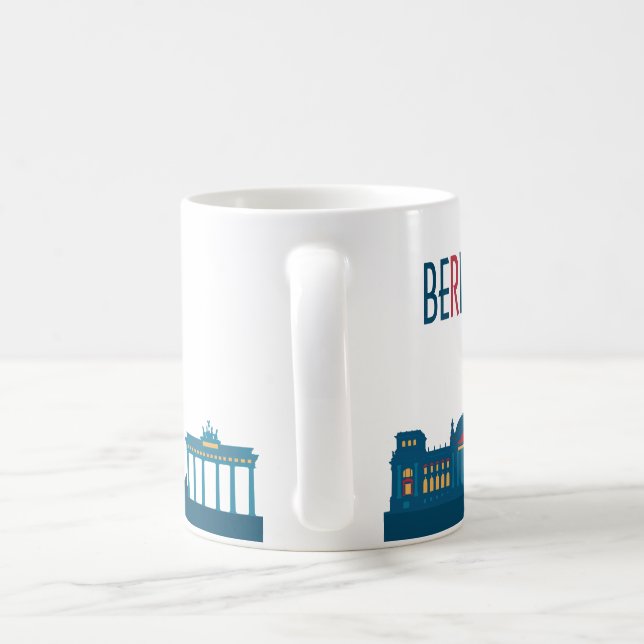 Berlin Skyline Coffee Mug (Handle)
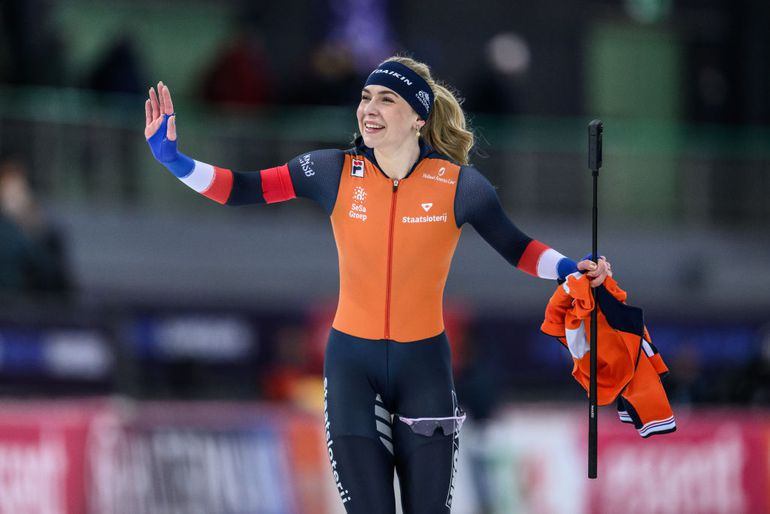 Joy Beune geniet van eerste kilometers na vakantie, maar niet op het ijs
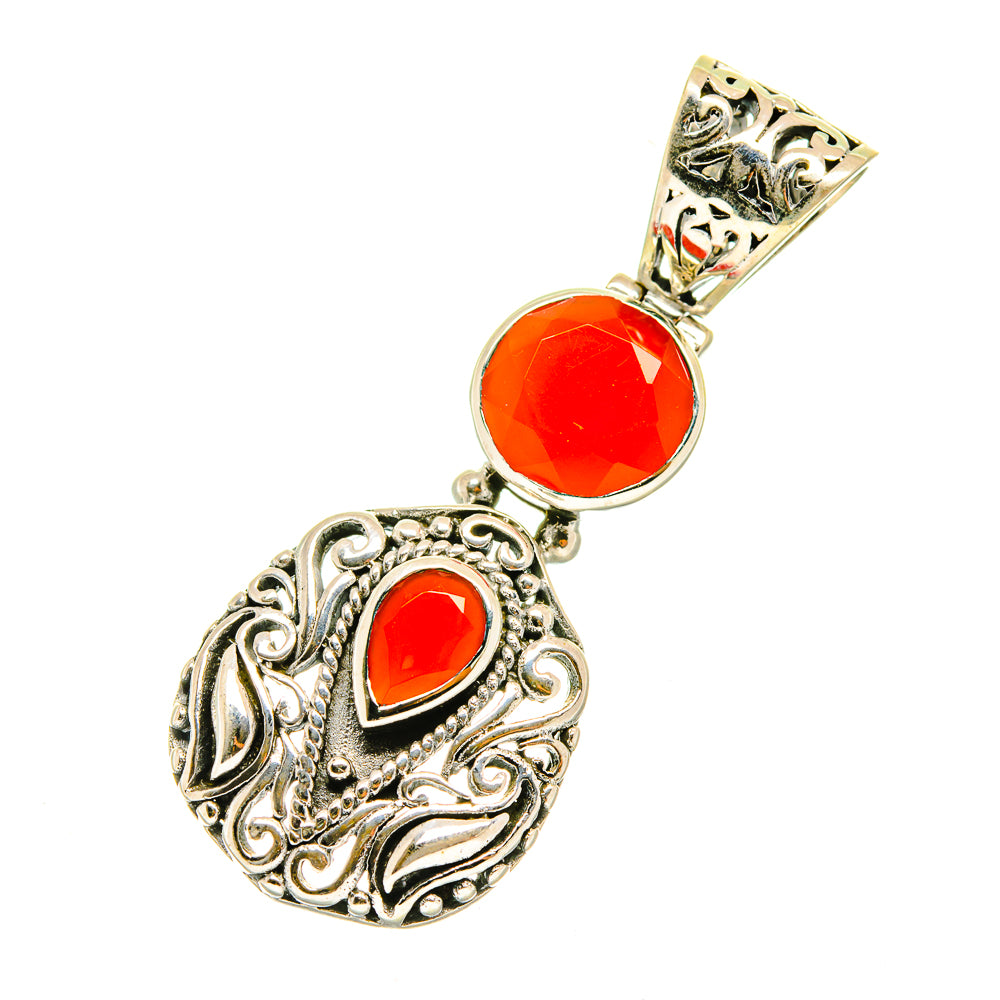 Carnelian Pendants handcrafted by Ana Silver Co - PD4057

────────────────

#### How to complete this task:
Reproduce every line above as written, skipping pictures.

#### Finished task:
 Berlin Skyline Coffee Mug (Handle)
 Joy Beune geniet van eerste kilometers na vakantie, maar niet op het ijs
 Carnelian Pendants handcrafted by Ana Silver Co - PD4057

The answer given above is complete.